WATCH: Rep. Randy Fine Introduces Public Notices Reform Bill, Brevard Sheriff Wayne Ivey Fully Supports Effort
By Space Coast Daily // March 16, 2019
bill would increase accessibility to Public Notices, save taxpayers millions of dollars
SPACE COAST DAILY TV: State Representative Randy Fine and Brevard Sheriff Wayne Ivey held a joint press conference to announce Representative Fine’s sixth and final proposed piece of legislation for the 2019 Legislative Session which calls for Public Notice Reform.
REP. RANDY FINE: Public Notice Reform Act would increase accessibility to Public Notices, save taxpayers hundreds of millions of dollars.
BREVARD COUNTY • VIERA, FLORIDA – Representative Randy Fine (R-Palm Bay) and Senator Dennis Baxley (R-Ocala) introduced the 2019 Public Notice Reform Act (PNRA), which will save taxpayers millions of dollars while increasing accessibility to Public Notices.

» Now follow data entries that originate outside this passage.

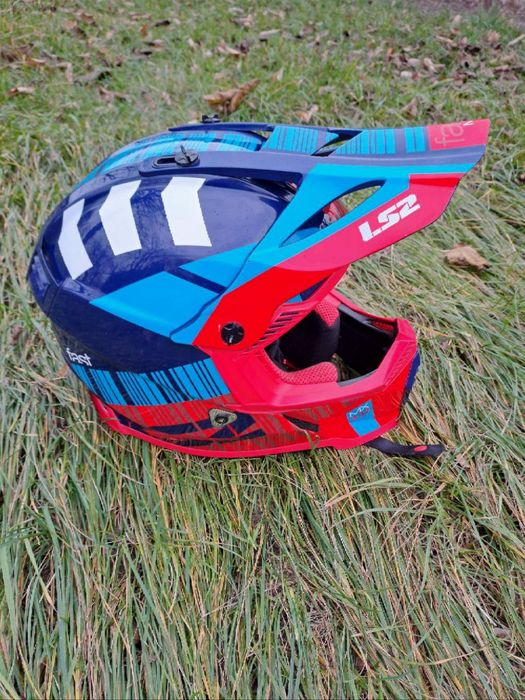 Шолом Ls2 mx 457 М, Thor, Alpinestars, Oneal, Aeroh, Fox, Shoe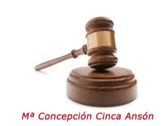 María Concepción  Cinca Ansón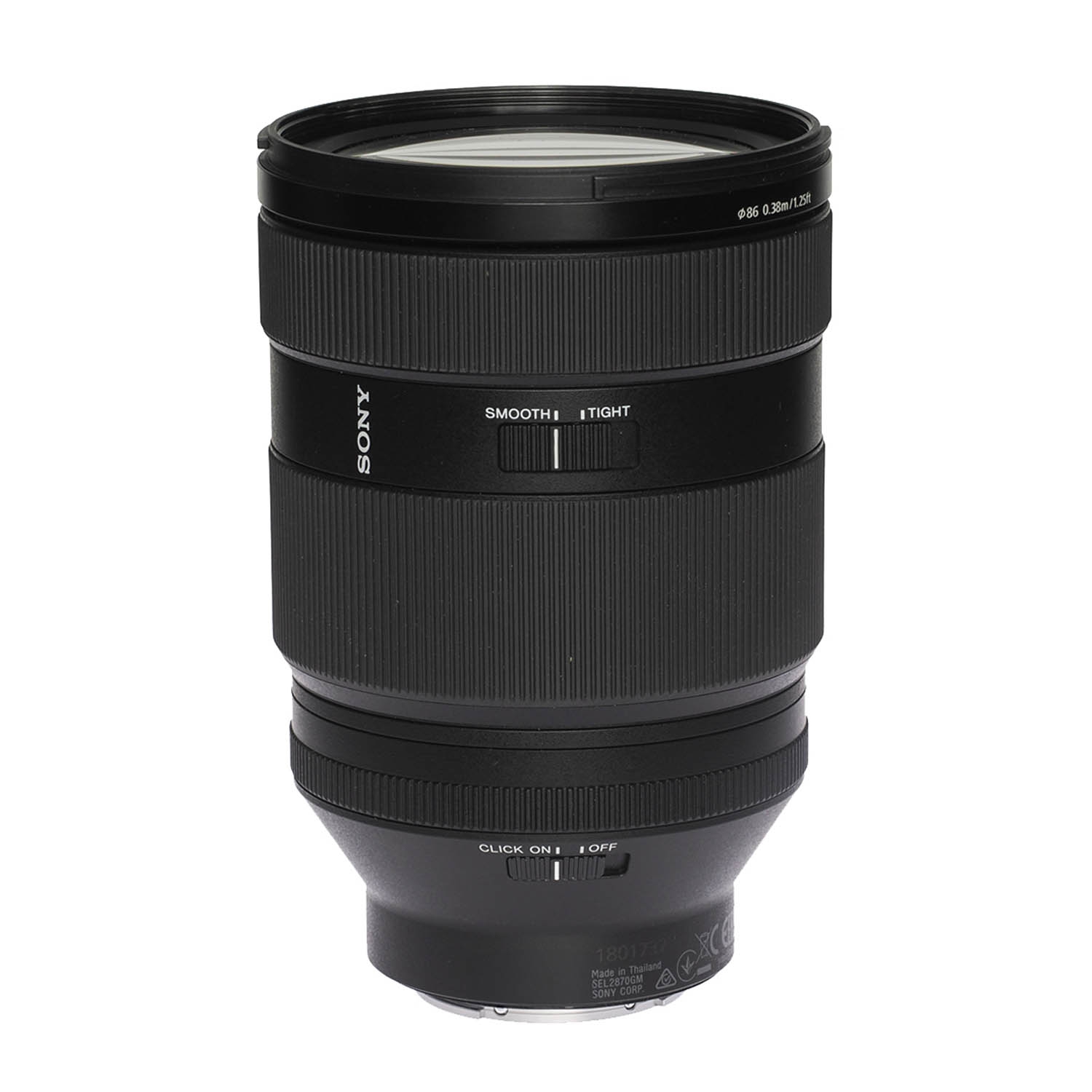 Sony FE 2,0/28-70 mm GM Objektiv (SEL2870GM) E-Mount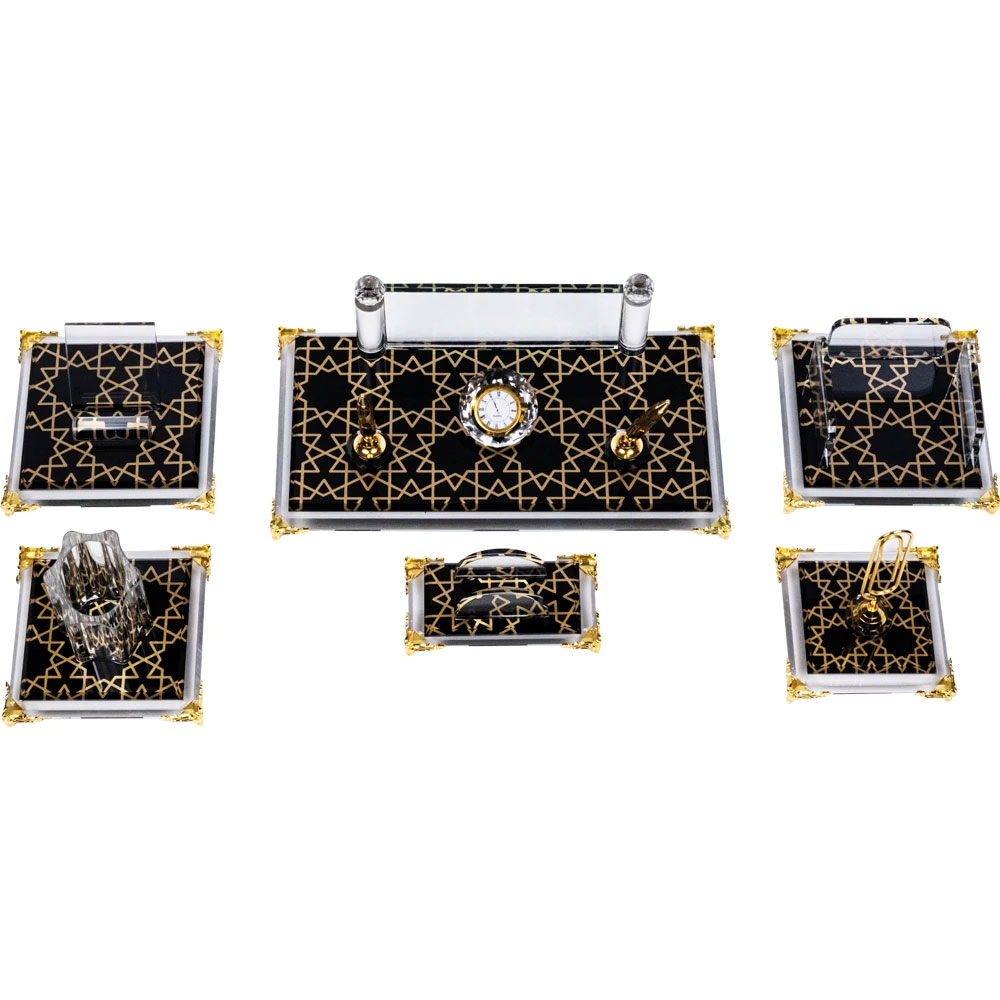 W510 Coral Table Set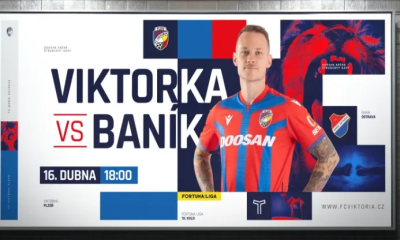 FC Viktoria Plzeň jedenáctkrát a pokaždé jinak! Letošnímu designu sezony dominují emoce v neo-brutalistním hávu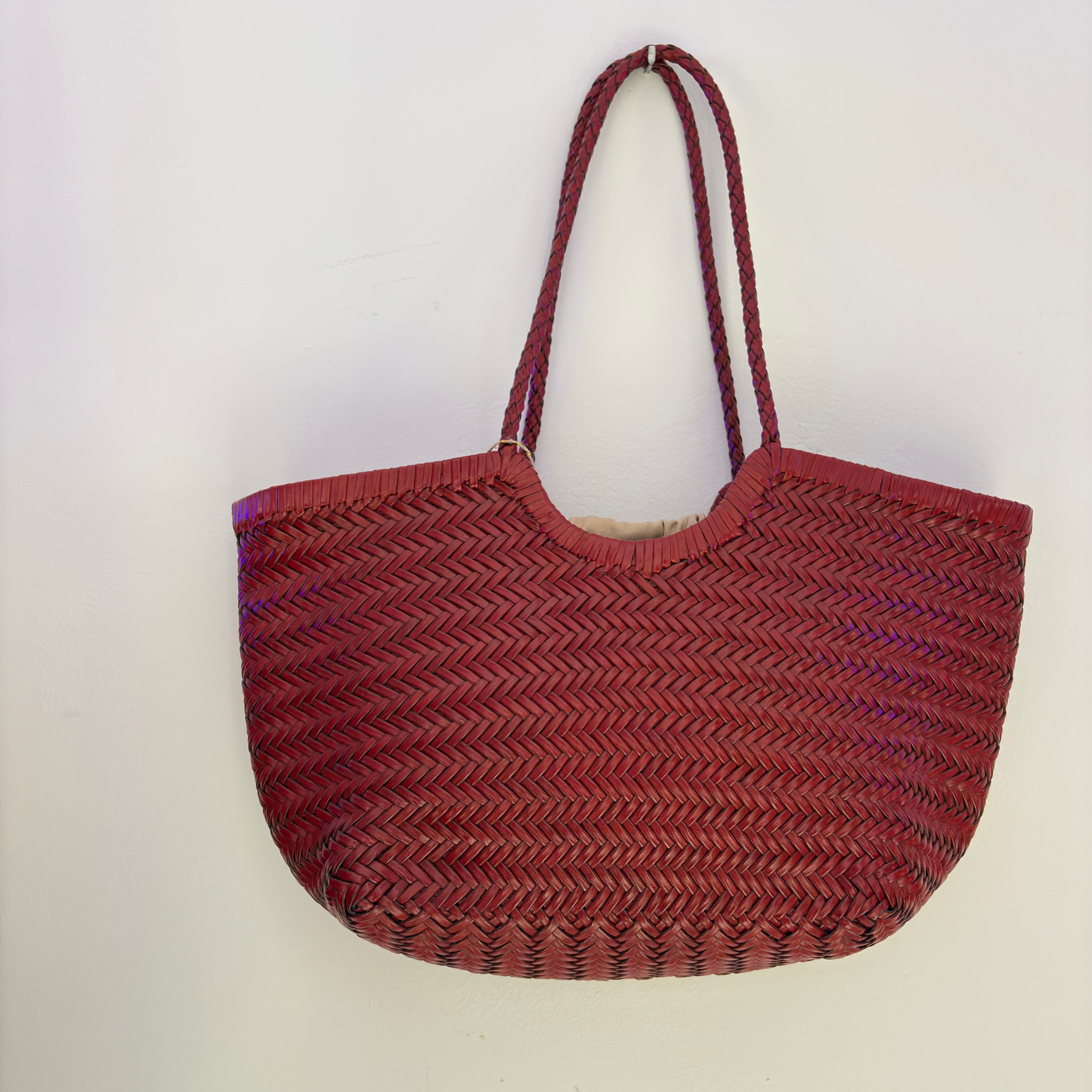 Bolso red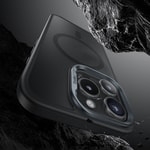 Apple iPhone 16 Pro Kılıf M-safe Şarj Özellikli Benks Mist Protective Kapak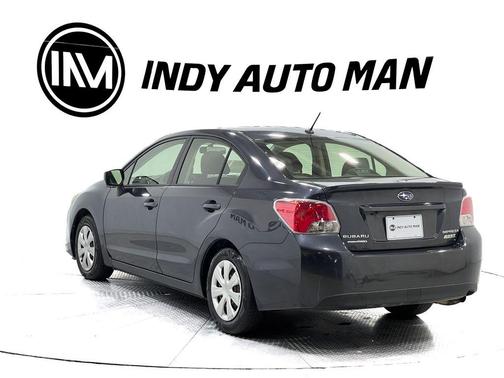 2016 Subaru Impreza 2.0i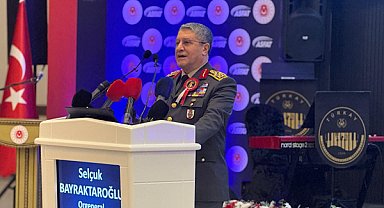 Genelkurmay Başkanı Bayraktaroğlu, ABD’li mevkidaşı Caine ile Brüksel’de görüştü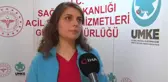UMKE gönüllüleri deprem bölgesinde unutamadıkları anıları İHA'ya anlattı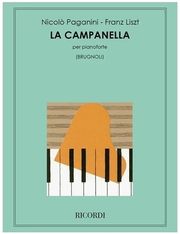 liszt la campanella photo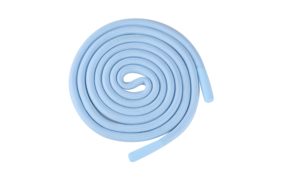 шнур круглый с сердечником 8мм, 100пэ, цв голубой/8146, наконечник силикон, 150см (уп 10шт) купить по 1200 - в интернет - магазине Веллтекс | Иваново
.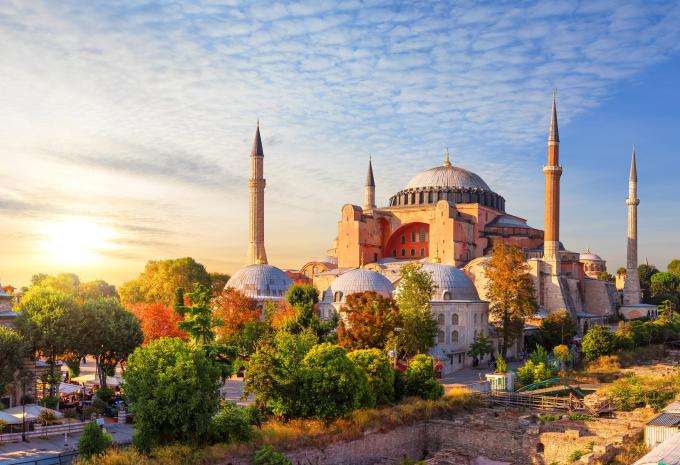 Istanbul & Türkische Riviera - Citytrip & Baden
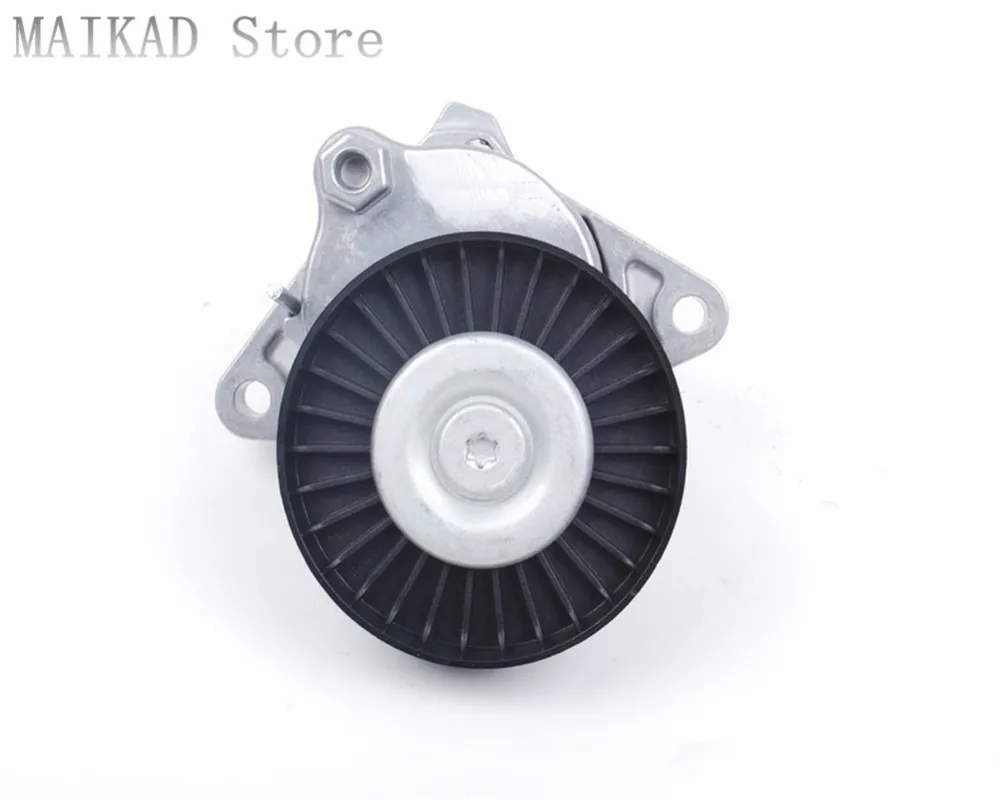M112 M113 Tensioner Pulley Belt Tensioner Assembly for Mercedes-Benz W163 ML270 ML230 ML320 ML350 ML430 ML500 ML55 A1122000970
M112 M113 Tensioner Pulley Belt Tensioner Assembly for Mercedes-Benz W163 ML270 ML230 ML320 ML350 ML430 ML500 ML55 A1122000970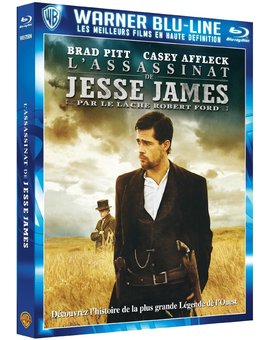 El Asesinato de Jesse James por el Cobarde Robert Ford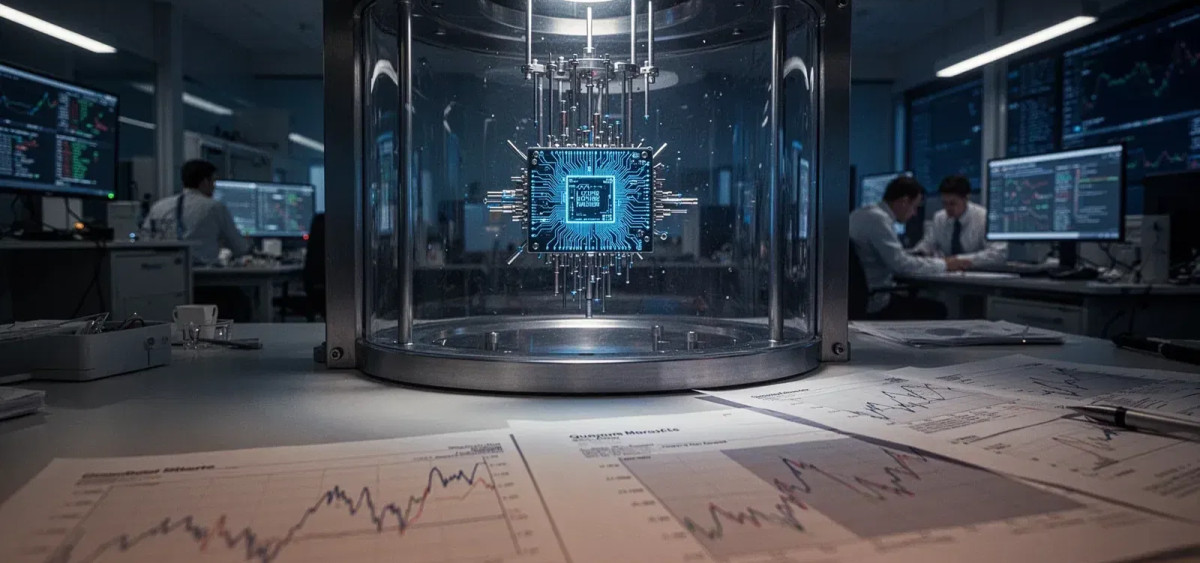 Beitragsbild zu D-Wave Quantum Aktie: Analysten vs. Realität
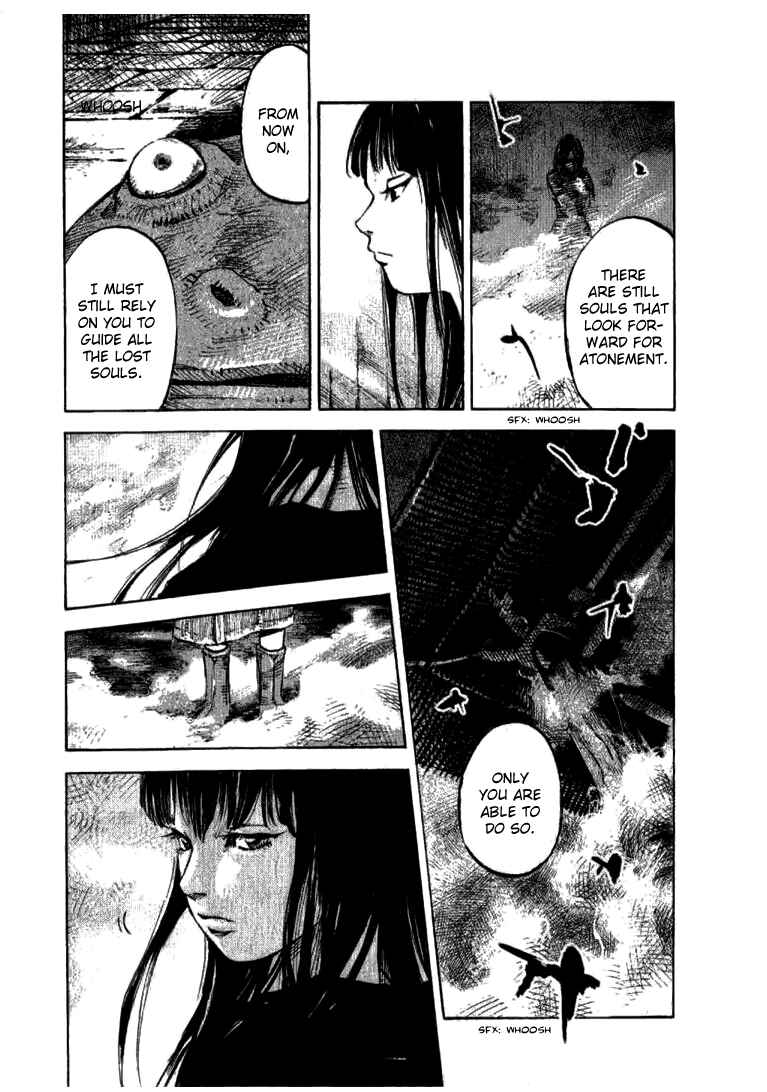 Page 29 Chapter 32 Skyhigh III: New Chapter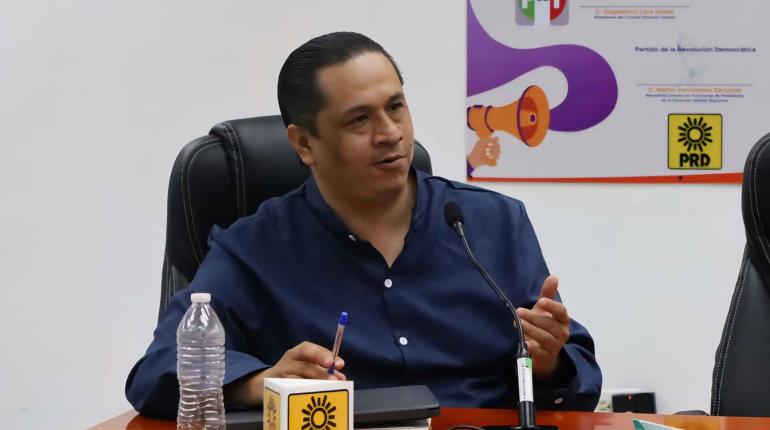 Comisión de IEPC rechaza emitir medidas cautelares contra alcalde de Comalcalco por informe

Rep. Fine was joined by Brevard County Sheriff Wayne Ivey, who fully supports the bill, to announce the Public Notice Reform Act during a recent press conference at the Government Center in Viera.
“As an elected official, and a taxpayer, this bill makes perfect sense,” said Sheriff Ivey.
“As the law sits right now, if we (Brevard County Sheriff’s Office) are going to do an auction, we have to do a public notice in the newspaper and there is a fee associated with that. We could just as easily put out that public notice online or a website.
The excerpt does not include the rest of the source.